You probably want to look into the field of succinct rank/select data structures. Assuming that the set is static or semi-static, there is a good collection of data structures in Okanohara and Sadakane's paper, Practical Entropy-Compressed Rank/Select Dictionary.
We will suppose you want to represent a subset $S \subset \{0\ldots n-1\}$, where $\left| S \right| = m$. There are ${n \choose m}$ such subsets, so we need at least $\log_2 {n \choose m}$ bits to represent any subset. What you want is a data structure which uses about that much space, and which supports a membership test in close to constant time.
First, a quick note on measuring time vs space requirements. In the case of time, we customarily measure in big-oh (e.g. $O(1)$) because what we're really interested in, the time measured on a clock, depends on the language, compiler, hardware, etc.
In the case of space requirements, however, we can measure the space usage in bits, because we customarily measure space in bits, not in physical units (e.g. cubic metres of RAM).

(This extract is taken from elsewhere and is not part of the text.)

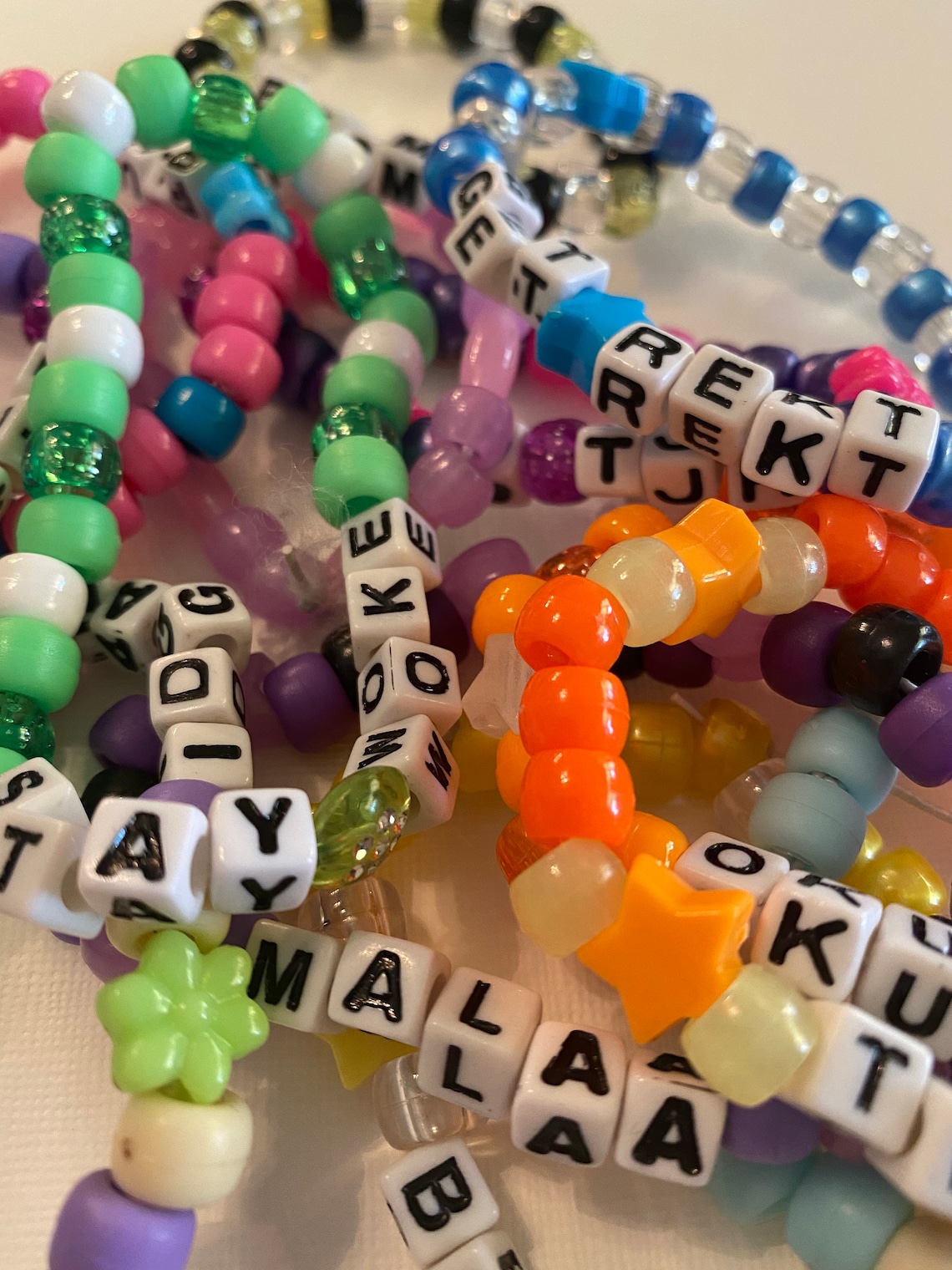 Kandi Bracelet with phrases Customizable Etsy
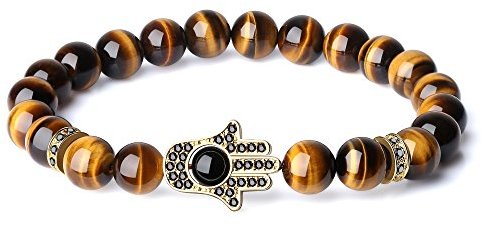 COAI Geschenkideen Glücksarmband aus Tigerauge Gelb mit Pavé-Inspiration und Hamsa Hand für Damen und Herren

If information theory tells us that we need at least $f(n)$ bits to store some data structure. Then:
- If we have a data structure which uses $f(n) + O(1)$ bits, we call it implicit.
- If we have a data structure which uses $f(n) + O(f(n)) = f(n) (1 + O(1))$ bits, we call it compact. Intuitively, the $O(1)$ means "constant relative overhead".
- If we have a data structure which uses $f(n) + o(f(n)) = f(n) (1 + o(1))$ bits, we call it succinct. Intuitively this means that as the data structure gets bigger, the relative overhead eventually becomes negligible.
Additionally, we will use the word RAM model and assume that the machine word size is $\Theta(\log n)$, that is, that an "integer" can be stored in a constant number of words.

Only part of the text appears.